Configuring Matillion ETL to use a Proxy

Configuring Matillion ETL to use a Proxy


Overview


In this article we will look info configuring Matillion ETL to use a Proxy.

It is not uncommon to implement proxy-servers to provide an additional layer of security or to act as an intermediary between your servers and the internet. Depending on the scenario, Proxy servers may help with URL and web content filtering, IDS/IPS, data loss prevention, monitoring and advanced threat protection - amongst others.


Matillion ETL is a java application and is hosted on an Apache Tomcat application server. The following instructions configure Tomcat to use a proxy server for http/https communication and Matillion ETL inherits these.

Besides Matillion ETL, there are other applications which do not depend on tomcat and use the proxy configuration of the underlying linux operating system instead. Examples of these are any system processes/services that run in the background, AWS CLI, the bash component in Matillion ETL or Python scripts run using the Python 2/3 interpreters in Matillion ETL. Refer to the Configure Proxy for Linux section to configure proxy redirection for the OS.

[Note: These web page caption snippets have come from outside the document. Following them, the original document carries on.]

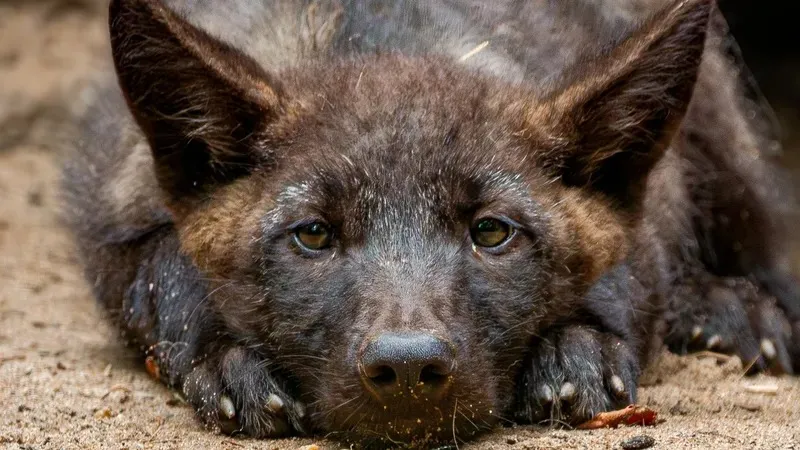 В-шыны бар порно бұрма Трусикадағы кончар жеке фотосурет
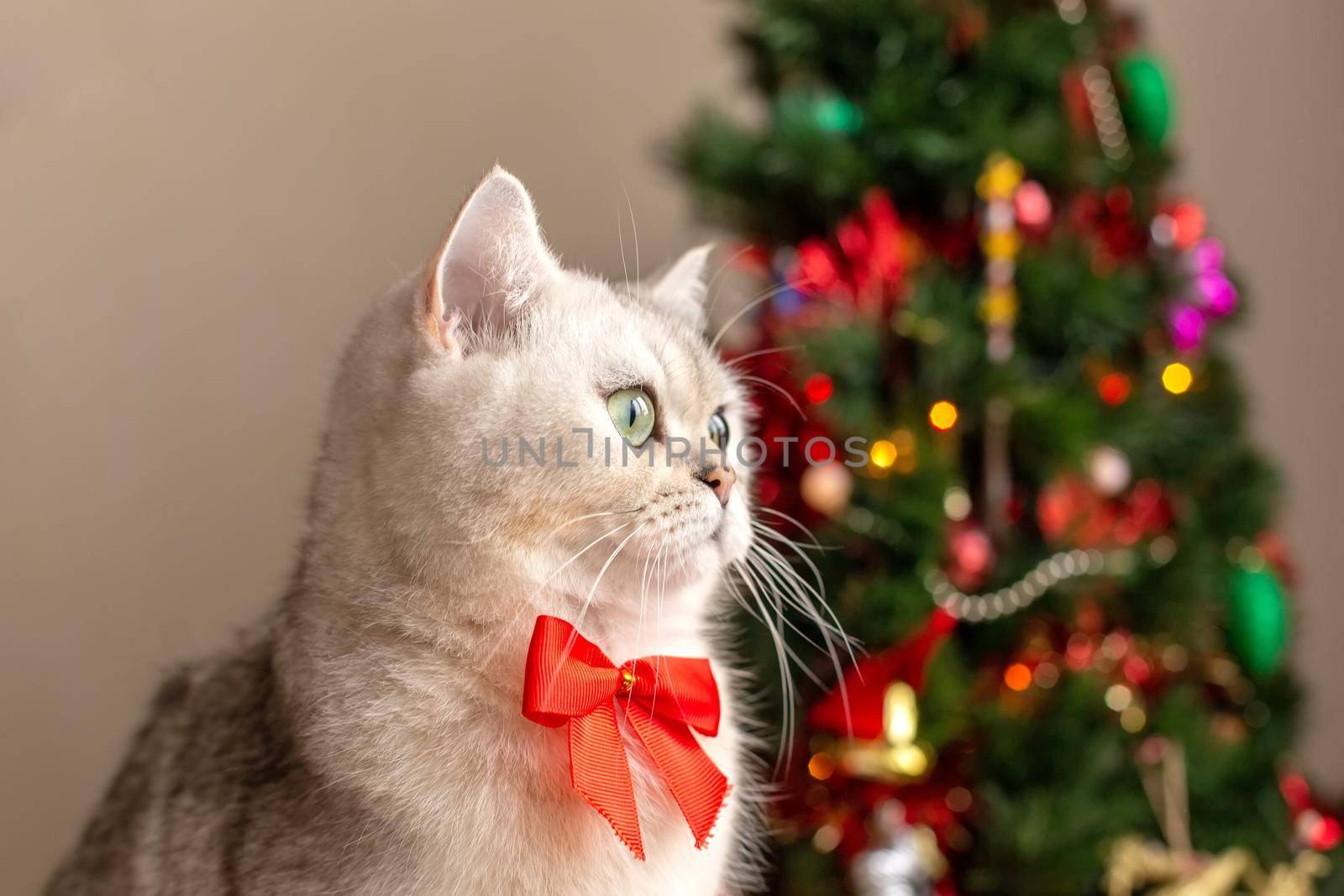 A portrait of a charming white cat in a red bow tie sits near a Christmas tree, looks to the side. Copy space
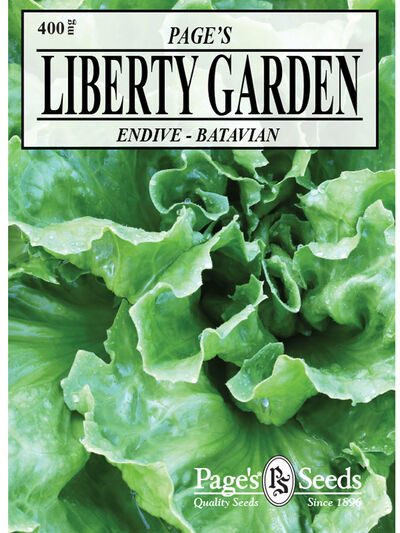 Endive Fullhearted Batavian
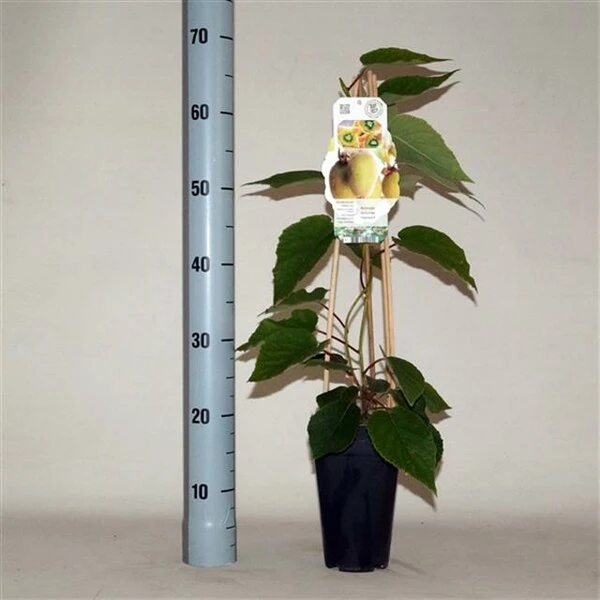 Actinidia Chinensis Hayward - Pot 2 Ltr 2 Actinidia Chinensis Hayward - Pot 2 Ltr - Afbeelding 2
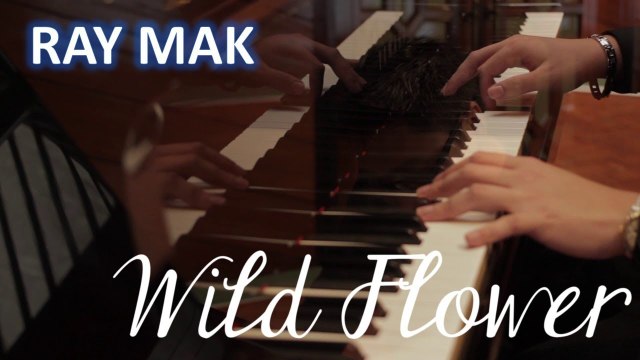 Park Hyo Shin 박효신 - Wild Flower 야생화 Piano by Ray Mak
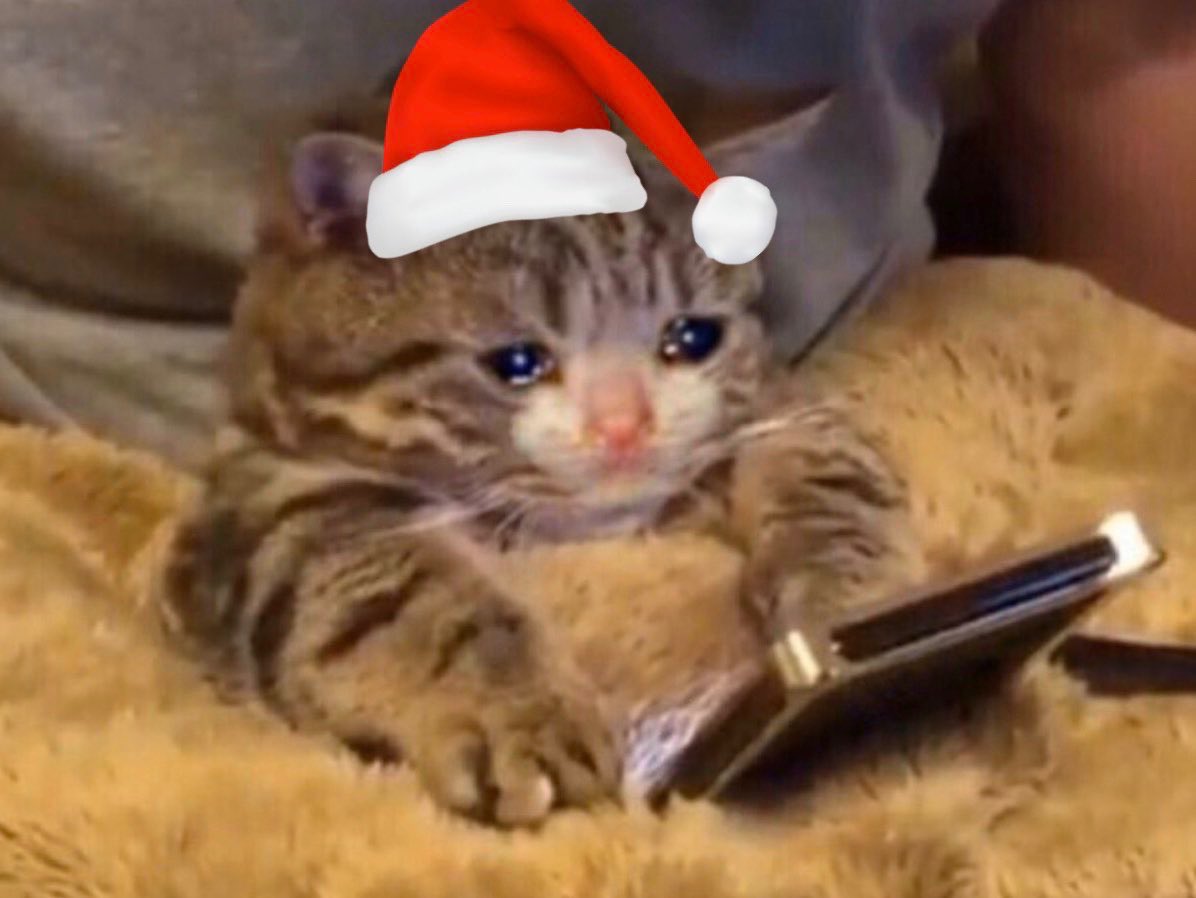 кошка с мобильником. котик с телефоном. кошка с телефоном. кот с телефоном мем. плачищуй коттс телефоном.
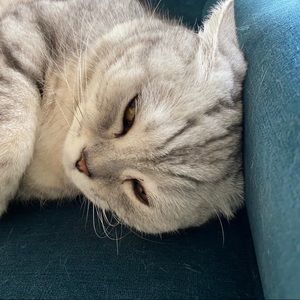 Meet your Posher, Resolve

This document expects your proxy is already configured and is reachable from the Matillion instance and any ports used for communication are open on the respective Security Groups.

 

Configuring Proxy for Tomcat

  1. SSH to the Matillion ETL instance
  2. Edit the following file - /etc/sysconfig/tomcat8
  3. Add the following line at the end of the file
     
JAVA_OPTS="$JAVA_OPTS -Dhttp.proxyHost=<<proxy host ip/name>> -Dhttp.proxyPort=<<port number>>"

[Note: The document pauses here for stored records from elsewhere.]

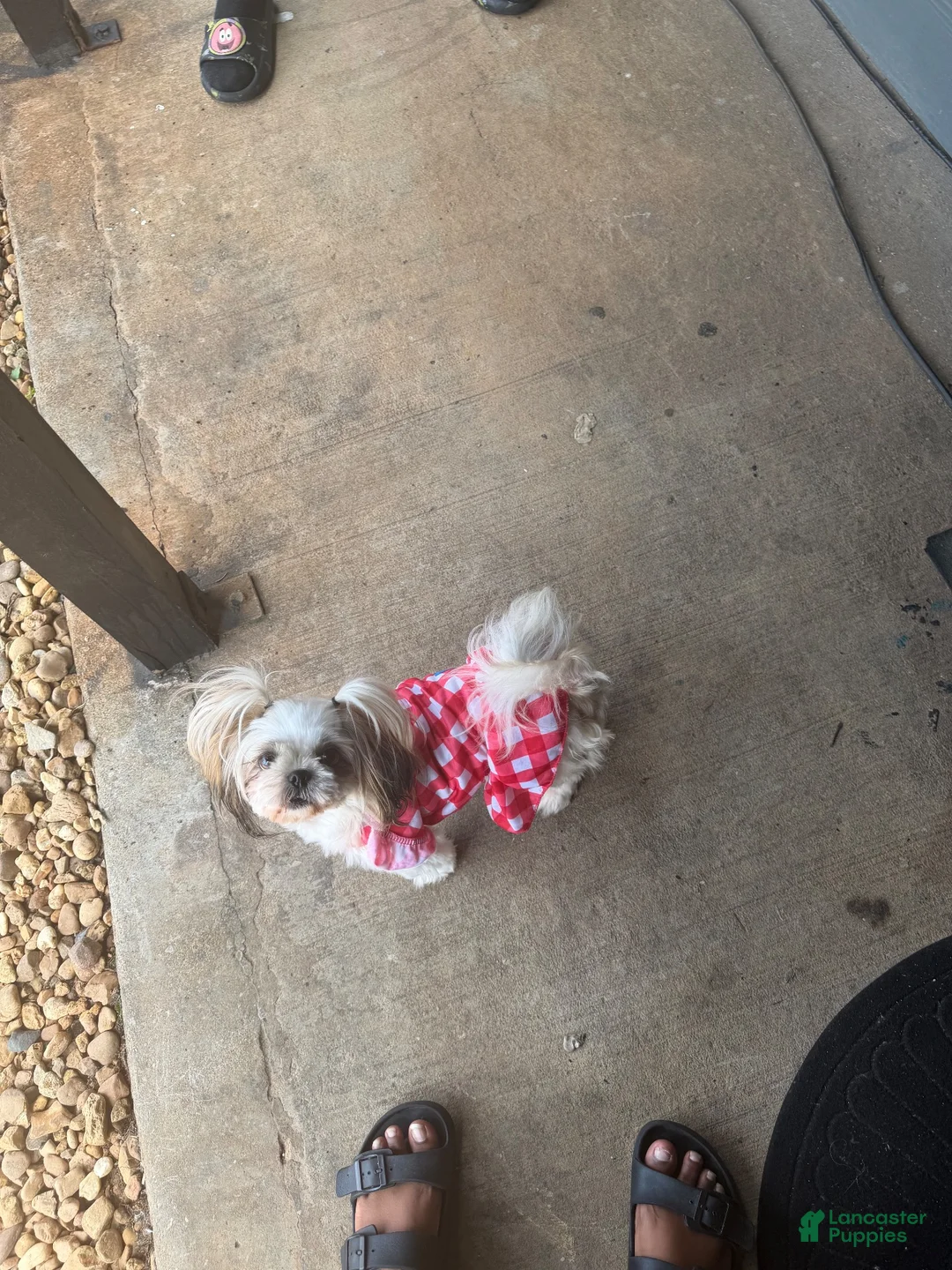 Shihpoo dogs for sale: Shihpoo 2 - Ad 2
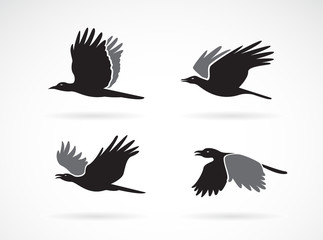 Vector group of black crow flying on white background. Birds. Animals. Easy editable layered vectors illustration.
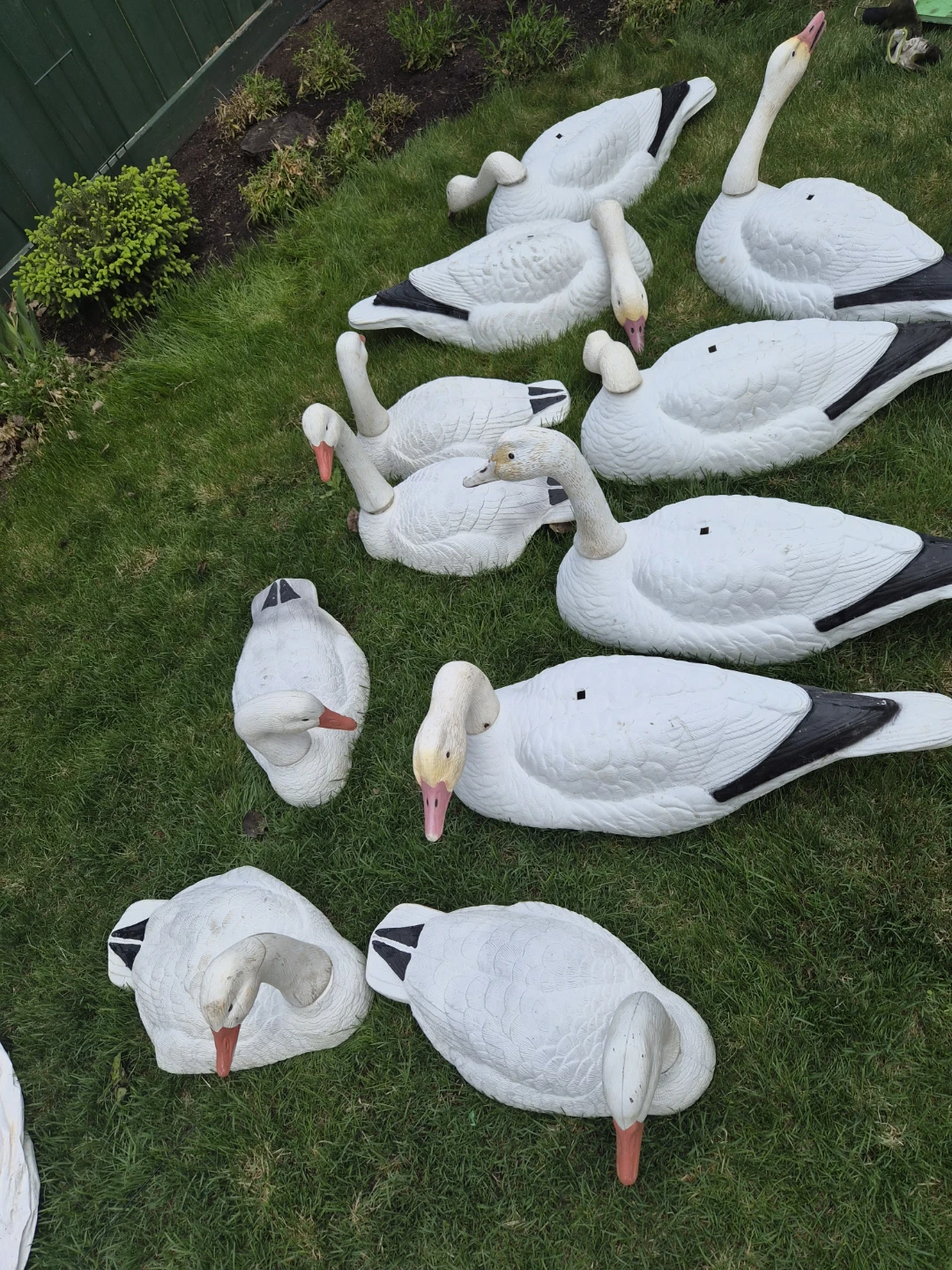 Set of 11 White Snow Goose Decoys
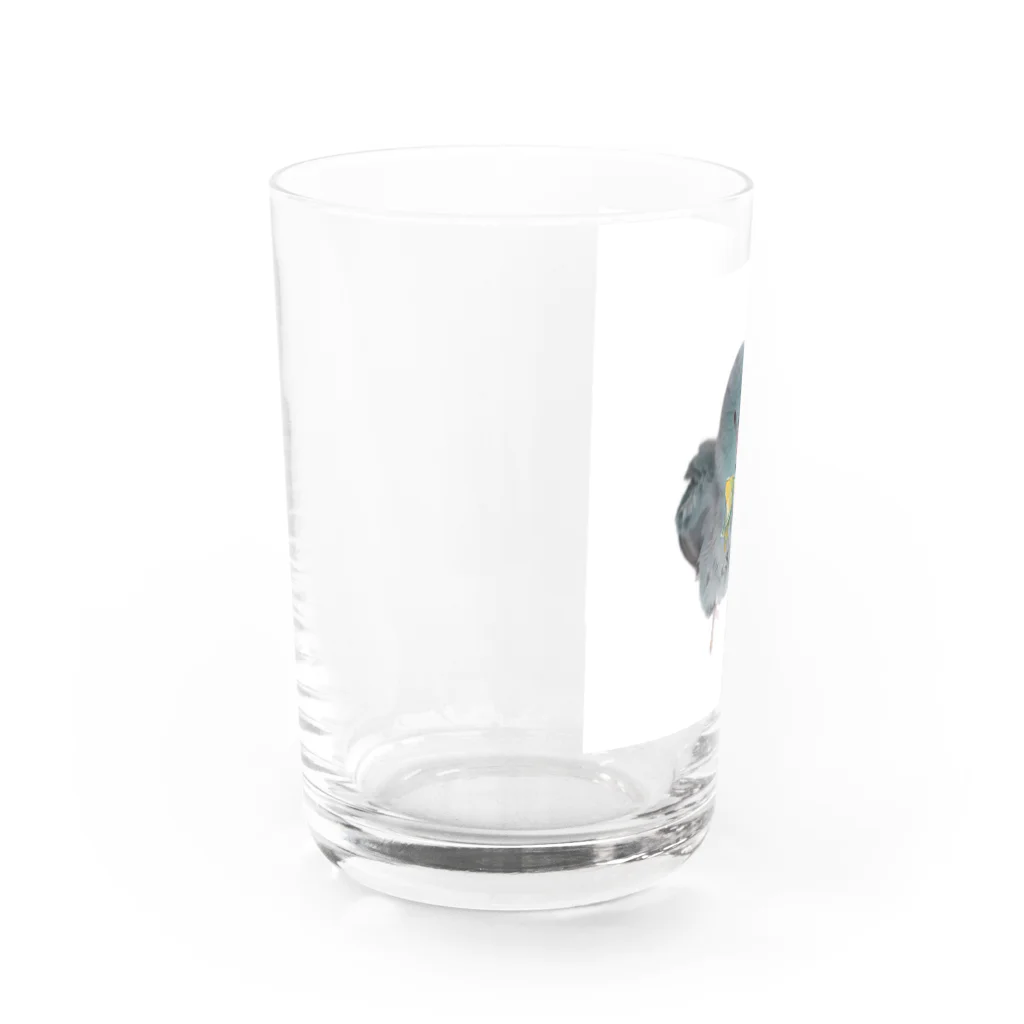 がおーマメちゃんのお散歩マメ Water Glass :left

Use the following to configure https proxy.

JAVA_OPTS="$JAVA_OPTS -Dhttps.proxyHost=<<proxy host ip/name>> -Dhttps.proxyPort=<<port number>>"

  1. Save and close the file
  2. Restart Tomcat - sudo service tomcat8 restart

Optionally you may add the following line at the end to instruct the JVM to bypass proxy for loopback and instance metadata.

JAVA_OPTS="$JAVA_OPTS -D http.nonProxyHosts=localhost|127.*|169.254.169.254"

 

Configuring Proxy for Linux

The following instructions configure some Environment Variables on linux to point at the proxy server to use. This is useful for Bash scripts or any Python scripts run from Matillion ETL which may run in their own process space.

  1. SSH to the Matillion ETL instance
  2. Edit the following file - /etc/profile
  3. Add the following line at the end of the file:
export http_proxy=http://<proxy host ip/name>>:<<port number>>/


Use the following to configure https proxy.

export https_proxy=https://<proxy host ip/name>>:<<port number>>/


Some softwares may require/expect uppercase environment variables so it’s safe to set  HTTP_PROXY or HTTPS_PROXY as well.